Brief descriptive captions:
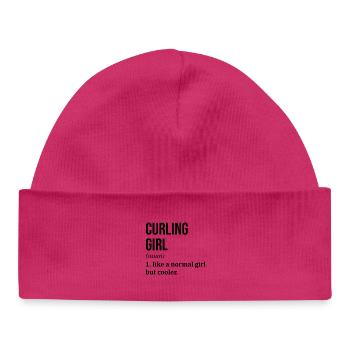 Curling - Baby Organic Beanie - white - Front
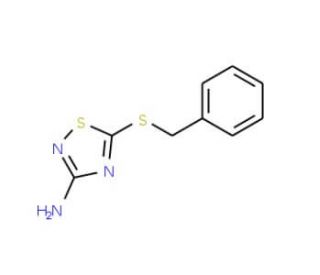 3-Amino-5-benzylthio-1,2,4-thiadiazole (CAS 60093-11-0) - chemical structure image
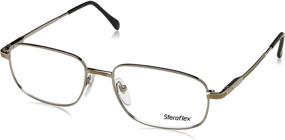 img 4 attached to Sferoflex Eyeglasses Silver Gold Diameter SF2086 131 52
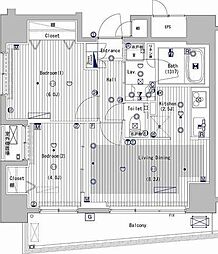 間取図画像 2LDK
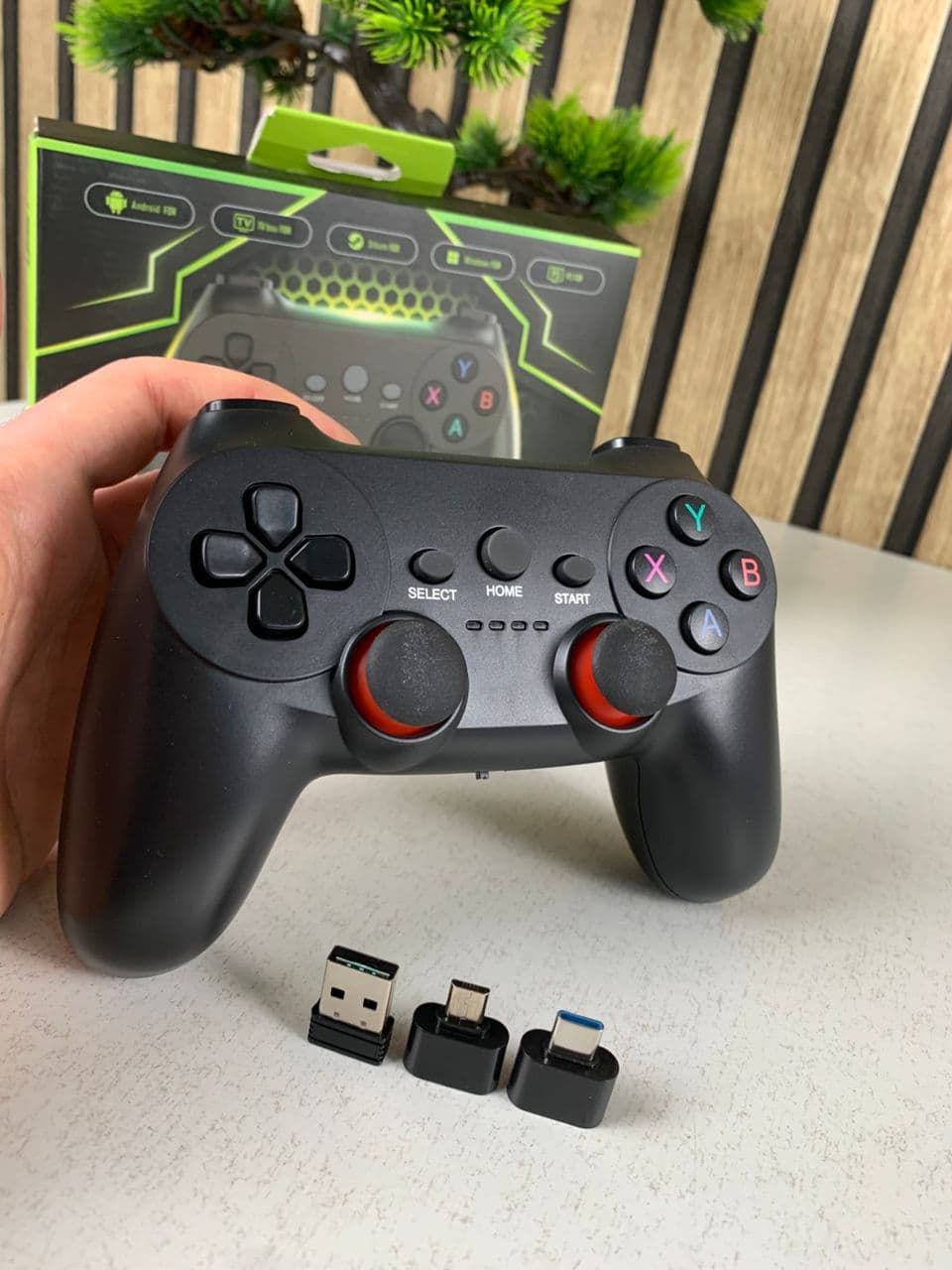 Manette de jeu sans fil Compatible avec Android TV , Steam, PC, TVBOX, PS3 CM019 – يد تحكم لاسلكية - Jouet & Gaming - صورة حقيقية 7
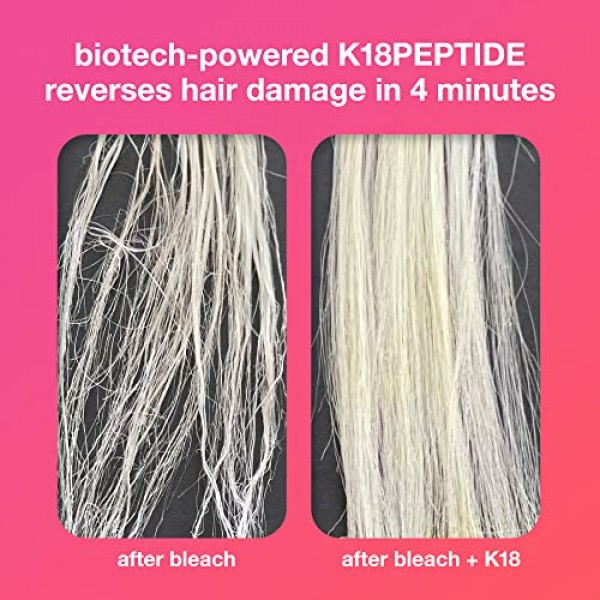 K18 Leave-In Molecular Repair Hair Mask Treatment to Repair Damage...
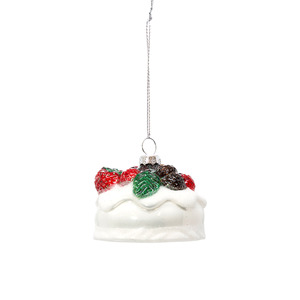 Christmas: Glass Kiwi Christmas Decoration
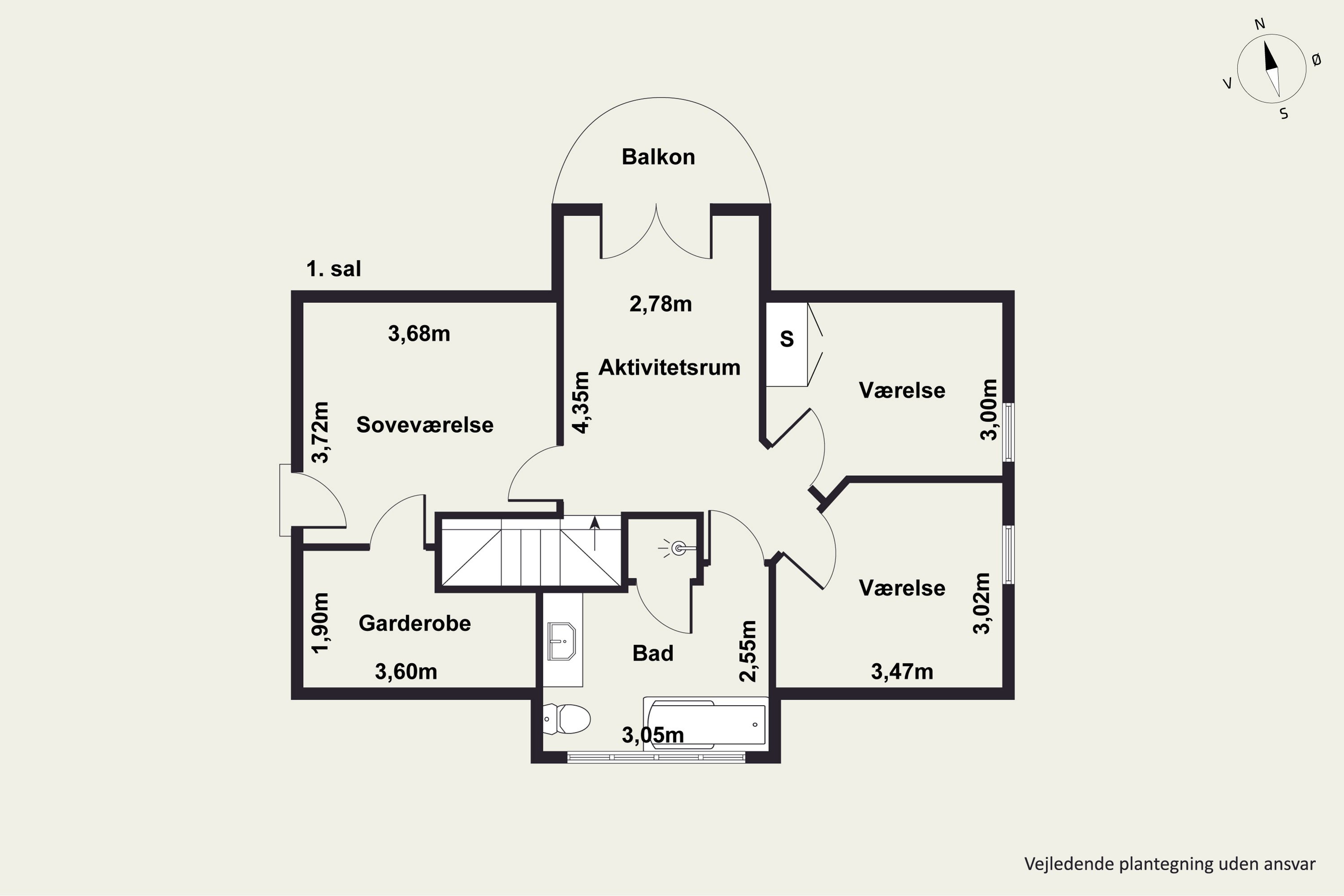 Plantegninger billede af Skovhulevej 13, 8920 Randers NV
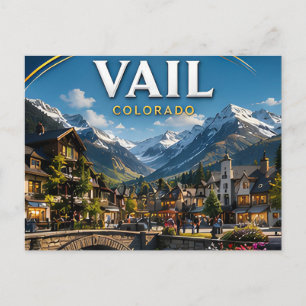 Carte Postale Vail Colorado Village de Montagne Scénique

GOAL OF THE EXERCISE: When the line containing "3-Amino-5-benzylthio-1,2,4-thiadiazole (CAS 60093-11-0)" has been located, retype it and each line after it through the end of the records, excluding the pictures and adding nothing else.

WRITTEN SOLUTION:
 3-Amino-5-benzylthio-1,2,4-thiadiazole (CAS 60093-11-0) - chemical structure image
 img 4 attached to Sferoflex Eyeglasses Silver Gold Diameter SF2086 131 52
 間取図画像 2LDK
 Manette de jeu sans fil Compatible avec Android TV , Steam, PC, TVBOX, PS3 CM019 – يد تحكم لاسلكية - Jouet & Gaming - صورة حقيقية 7
 K18 Leave-In Molecular Repair Hair Mask Treatment to Repair Damage...
 Christmas: Glass Kiwi Christmas Decoration
 Plantegninger billede af Skovhulevej 13, 8920 Randers NV
 Carte Postale Vail Colorado Village de Montagne Scénique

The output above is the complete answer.